Roberts’ conviction that, having proved his soundness with his full racing career, Bel Esprit was an exciting stud prospect has now been proved to have been justified – not that there ever were any doubts about him as far as his pedigree was concerned. His sire ROYAL ACADEMY, a stallion as well-bred as he is handsome and formerly a brilliant racehorse to boot, has been a prolific sire of stakes winners worldwide of all shapes, sizes, ages and colours, and over all distances. Bel Esprit’s family is also far stronger than one might expect from a $9,000 yearling, as his Blue Diamond victory made him the second winner of that race to emerge from his immediate family, following the win in 1990 (at the expense of the brilliant pair of CANNY LAD and TRISCAY) of MAHAASIN, a half-sister to his dam BESPOKEN. And the fact that Bespoken was a daughter of the great sire VAIN (still arguably the best sprinter ever to have raced in Australasia) further adds to Bel Esprit’s appeal.
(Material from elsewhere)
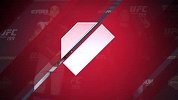 UFC-16年-UFC199主赛选手面对面UFC199媒体日-花絮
Bel Esprit’s first foals were born in 2004 and that crop has proved to contain four stakes winners, headed by the very good sprinting mare BEL MER. She won a Listed race very early in her three-year-old season (beating the previous season’s Blue Diamond victrix SLEEK CHASSIS in the Quezette Stakes at Caulfield) but she was not her sire’s first stakes winner, that honour having fallen to the Eliza Park-bred GABBIDON (a daughter of the aptly named Scenic mare ELIZA PARK) who had landed the Group Three National Stakes in Adelaide as a two-year-old. Gabbidon subsequently won a Group Three race in Melbourne (the Tranquil Star Stakes at Caulfield, also beating Sleek Chassis) as a spring three-year-old, and by the time that the spring carnival was over Bel Esprit was the sire of three stakes winners, following the victory of BELCENTRA in the Desirable Stakes at Flemington on Cup Day. The fourth stakes winner from Bel Esprit’s first crop came when his daughter VIVACIOUS SPIRIT, a stablemate of Bel Mer, landed the Group Three How Now Stakes at Caulfield as a spring four-year-old, six months before Mick Price sent Bel Mer over to Adelaide to become her sire’s first Group One winner by landing the Group One Swettenham Stud Stakes over 1200m.

Bel Esprit’s second crop, currently aged four, has so far thrown up three stakes winners (BELTROIS and SILVER BULLION in Australia and Bel Mer’s full-brother MOORING in Singapore) while the unbeaten Black Caviar, who currently has two Group Two victories to her name, is the star of his third crop. Still only a three-year-old, Black Caviar has impressed as a filly from the very top drawer and she would appear to have a tremendous future if she can bounce back from her recent injury.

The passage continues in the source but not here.